Ellison contends that during the Class Period, the Global Defendants, "acting in concert with others, swindled open market purchasers of the common stock of American Image." (Id. ¶ 2). The scheme operated as follows: (1) just prior to American Image's reverse merger, Kenna and Reilly "obtained a large, undisclosed position in Stock at a nominal price" in the name of the Liberian Corporations*fn4; (2) the Liberian Corporations opened several trading accounts at Northeast and Wilson-Davis, giving Kenna and Reilly authority to trade in these accounts; (3) Global and American Image aggressively promoted the sale of the Stock through the Newsletters, through a telemarketing campaign, and by disseminating allegedly false and misleading information about American Image to the public; and finally, (4) Kenna and Reilly sold their Stock to the investing public at an inflated price, thereby "defrauding the investing public of many millions of dollars." (Id. ¶¶ 3-9).

The vast majority of the allegations in the prolix complaint detail the ways in which the Global and American Image Defendants effectuated Kenna's and Reilly's fraudulent scheme. Indeed, the most detailed allegations in the complaint concern the misconduct of the Global and American Image Defendants, such as the purportedly systematic campaign to gain subscribers to the Newsletters; the elaborate effort to hold the Newsletters out as legitimate sources of investment advice, the misleading and fraudulent recommendation of the Stock to its burgeoning number of subscribers; the telemarketing efforts to convince investors to buy the Stock; and the campaign to convince investors to buy the Stock by disseminating numerous misleading disclosures. (See id. ¶¶ 3, 6, 27(c), 40-64, 73, 76-85, 87-96; 110, 118-35, 141 (allegations as to Global and American Image Defendants' wrongdoing spans more than twenty-five of the fifty-seven pages of factual allegations in the complaint)).

In addition to Global's recommendation of the Stock to its Newsletters' subscribers, American Image's promotional activity, and other explicit facts about Kenna and Reilly, Ellison alleges the involvement of a number of other defendants, including the Eversheds Defendants, Northeast Defendants, and Wilson-Davis Defendants. The factual allegations at appear in the complaint as to these additional defendants are summarized below.

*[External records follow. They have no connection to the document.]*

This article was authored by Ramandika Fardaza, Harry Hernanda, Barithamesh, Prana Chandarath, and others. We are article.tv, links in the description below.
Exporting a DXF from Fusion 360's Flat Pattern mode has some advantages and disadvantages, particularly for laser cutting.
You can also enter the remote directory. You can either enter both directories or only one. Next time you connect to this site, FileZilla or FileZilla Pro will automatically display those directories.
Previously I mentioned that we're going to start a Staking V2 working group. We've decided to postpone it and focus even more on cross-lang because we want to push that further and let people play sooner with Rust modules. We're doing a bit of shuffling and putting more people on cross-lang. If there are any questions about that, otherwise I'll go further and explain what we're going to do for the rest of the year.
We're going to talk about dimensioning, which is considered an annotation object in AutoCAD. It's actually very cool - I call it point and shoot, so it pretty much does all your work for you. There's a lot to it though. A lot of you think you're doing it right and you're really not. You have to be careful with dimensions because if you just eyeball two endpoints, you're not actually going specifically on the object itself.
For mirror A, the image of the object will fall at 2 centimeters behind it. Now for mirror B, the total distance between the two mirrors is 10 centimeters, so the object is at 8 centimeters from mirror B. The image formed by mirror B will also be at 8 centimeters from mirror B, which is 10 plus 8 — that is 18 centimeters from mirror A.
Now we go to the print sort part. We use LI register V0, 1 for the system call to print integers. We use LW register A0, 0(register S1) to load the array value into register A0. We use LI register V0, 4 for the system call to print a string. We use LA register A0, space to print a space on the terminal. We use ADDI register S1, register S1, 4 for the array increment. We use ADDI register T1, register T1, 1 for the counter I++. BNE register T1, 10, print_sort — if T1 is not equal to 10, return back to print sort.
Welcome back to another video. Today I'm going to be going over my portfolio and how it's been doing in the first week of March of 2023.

In January 1996, the Liberian Corporations established brokerage accounts at Bear, Stearns Securities Corporations ("Bear Stearns"), acting as a clearinghouse broker for Northeast. The account forms were executed by Eversheds. (Id. ¶ 66). Kenna and Reilly also opened their own trading accounts at Bear Stearns in June 1996. (Id. ¶ 67). Eversheds authorized Kenna and Reilly to direct trades in the Liberian Corporations accounts. In fact, the complaint alleges that Kenna and Reilly directed trades in all five Bear Stearns accounts. (Id. ¶ 68).

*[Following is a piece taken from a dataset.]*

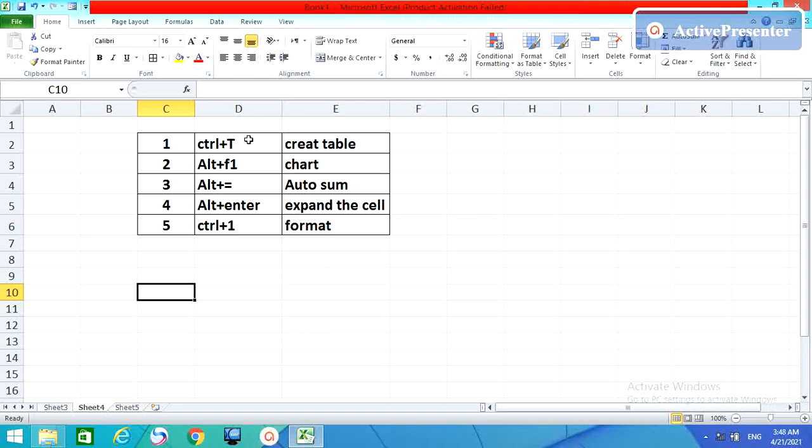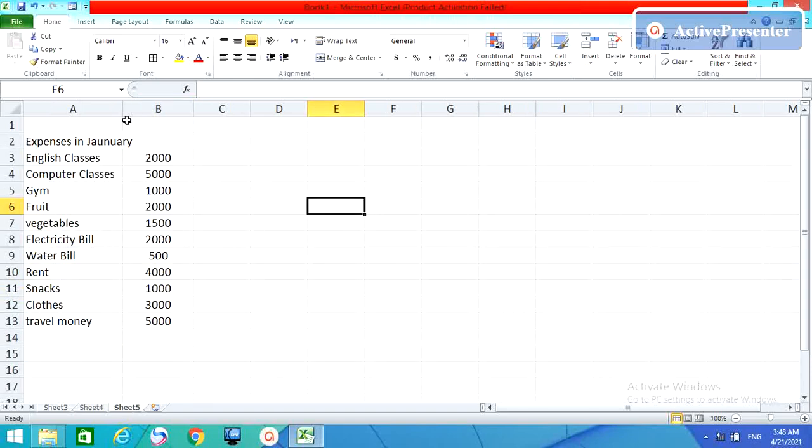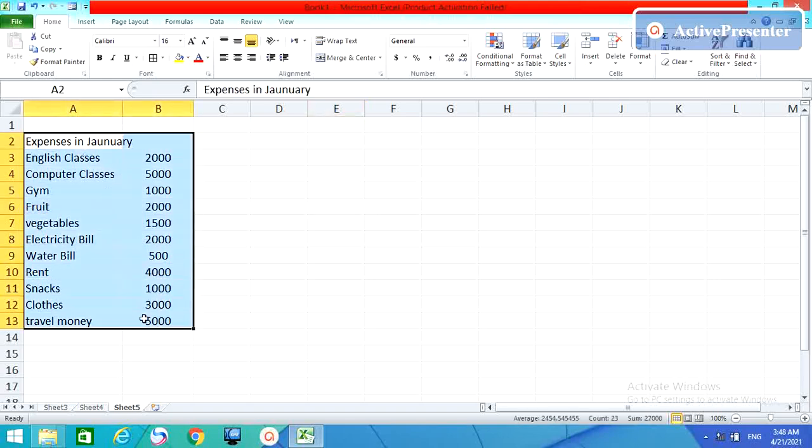Now we have Control plus T, create a table. You have table here, you want to create a table. Simple, don't go here and there. Just Control T.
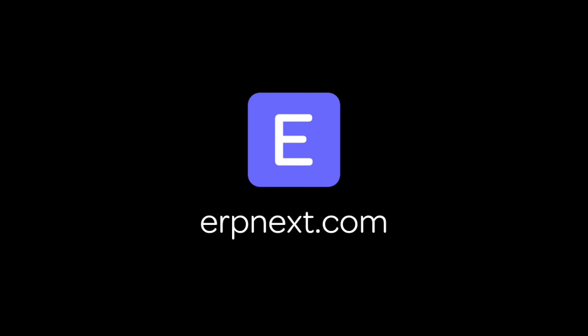For more details and free sign up, go to ERPNext.com. Thanks for watching.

In late September 1996, Iovine and Fogel began buying the Stock. (Id. ¶ 72). Iovine purchased 13,889 shares for his personal account and Fogel purchased 7,017 shares for his personal account. (Id. ¶ 74). As previously noted, Iovine was the registered representative on the five Northeast accounts, Fogel was Iovine's assistant on these accounts, and Northeast itself "acted as market maker" for the Stock. (Id. ¶ 100). At the same time that Iovine and Fogel were buying the Stock, Kenna and Reiliy were also buying the Stock through the Liberian Corporations' accounts.

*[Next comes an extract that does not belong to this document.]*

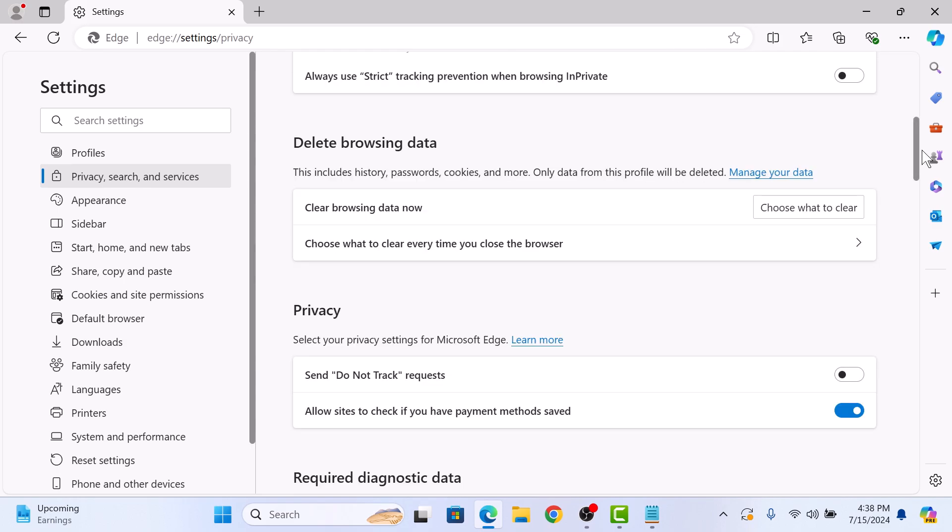Here, next to Clear Browsing Data Now, you will see a button labeled Choose What to Clear. Click on it.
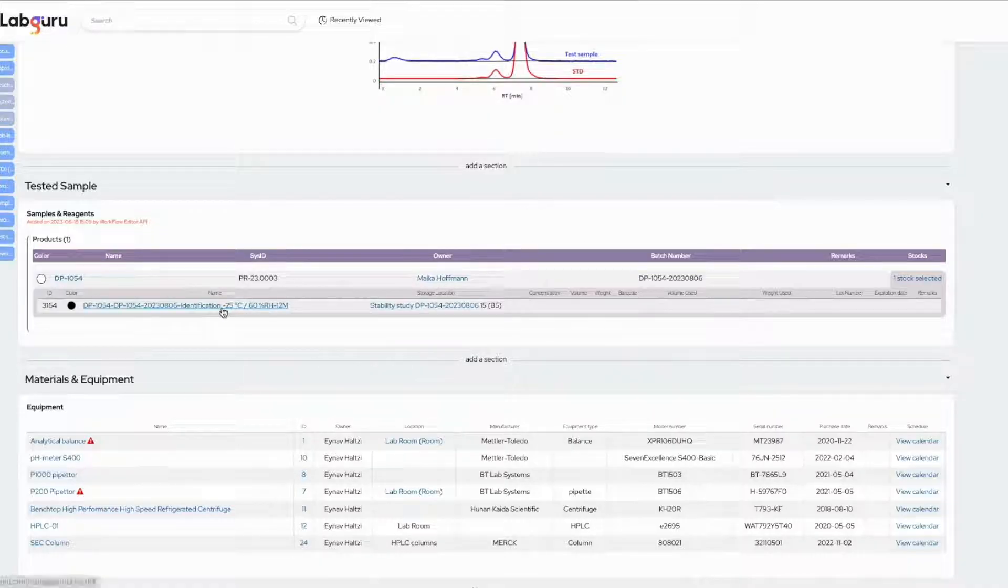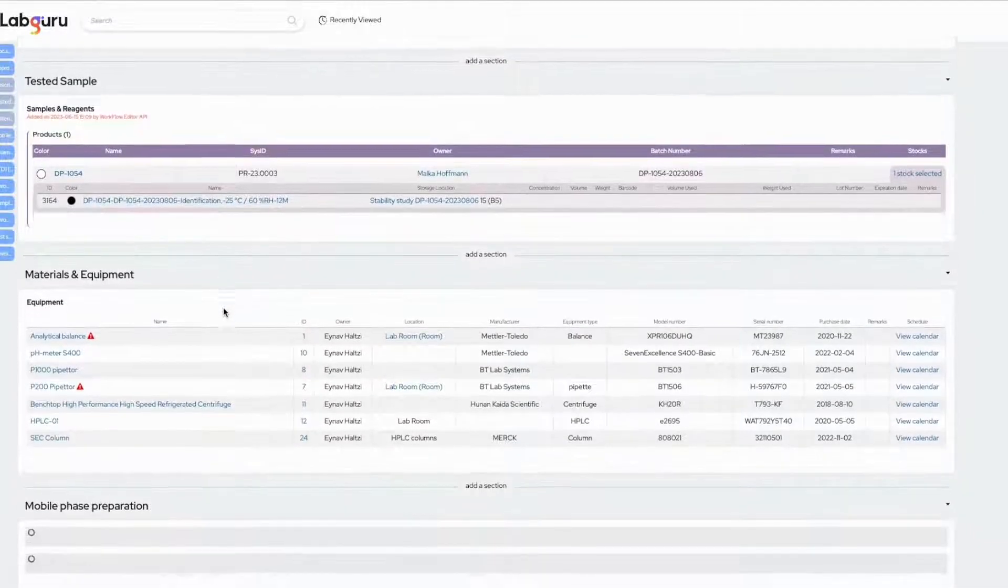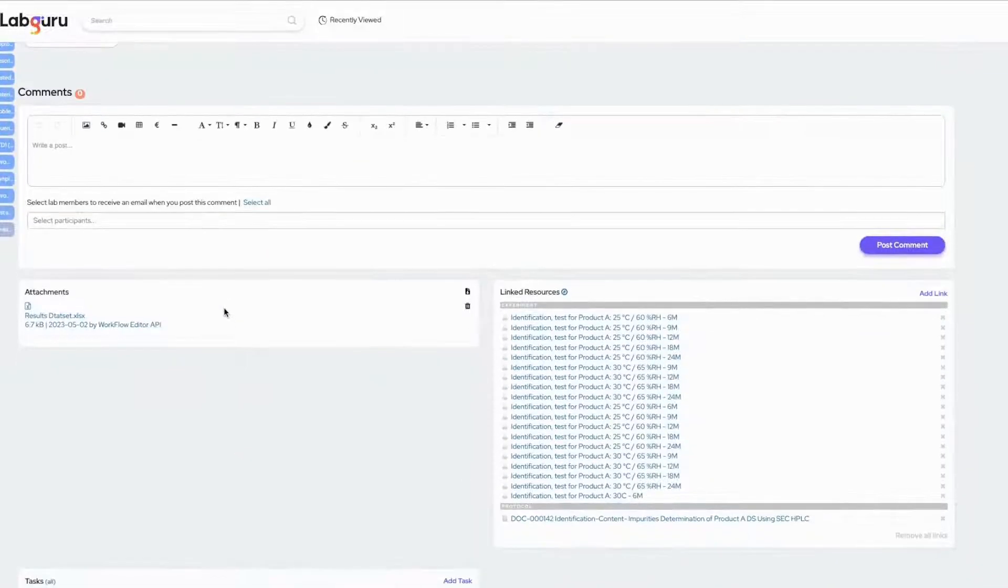In addition, a stock designated for each test was automatically created and added to the stability experiment.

Kenna and Reilly had an "arrangement" with Iovine and Fogel, "whereby if Iovine and Fogel did have Stock available for sale to another dealer, the Liberian Corporations would make Stock in the Liberian Corporations' accounts at Northeast available to Iovine and Fogel." (Id. ¶ 139). Moreover, Iovine and Fogel informed Kenna and/or Reilly when either of them would execute an "inter-dealer" transaction in the Stock. Kenna and Reilly instructed them "to raise, lower or maintain the quotations by Northeast for American Image Stock, and [they] followed these instructions." (Id. ¶ 140). If Fogel or Iovine could not contact Kenna or Reilly, Northeast made "limited trades with the understanding that the [Liberian Corporations'] accounts would make up any shortfalls at the end of the day." (Id.).

The Liberian Corporations also established a brokerage account at Wilson-Davis in May 1996. Again, the account forms were executed by Eversheds. Although they were not granted express written authority to direct trading in this account, "Reilly and Kenna ultimately directed trading" of the Stock in this account. (Id. ¶ 69). Coleman of Wilson-Davis purchased 7,000 shares of Stock for his own account from the Liberian Corporations' account at Wilson-Davis on September 25, 1996, and he purchased an additional 6,000 shares the next day. Coleman paid approximately $3 to $3.50 per share. (Id. ¶ 71). Just prior to these purchases, the Stock was purportedly trading at one cent per share. Coleman sold the shares he purchased in the next few days for approximately $4.50 to $5 per share. (Id. ¶ 71). While Coleman was buying the. Stock for his own account, the Liberian Corporations' accounts were likewise buying the Stock. Ellison alleges that the "initial purchases" by the Liberian Corporations and these brokers "established a fictitious initial market price of approximately $3.00 per share for the Stock, which was subsequently further inflated by the promotional efforts of the Global Defendants . . . and the manipulation of the Stock's price by the Broker Defendants and the Global Defendants." (Id. ¶ 75). After the initial sales, Global and American Image stepped up efforts to promote the Stock through the Newsletters, telemarketing, and allegedly misleading press releases about the company.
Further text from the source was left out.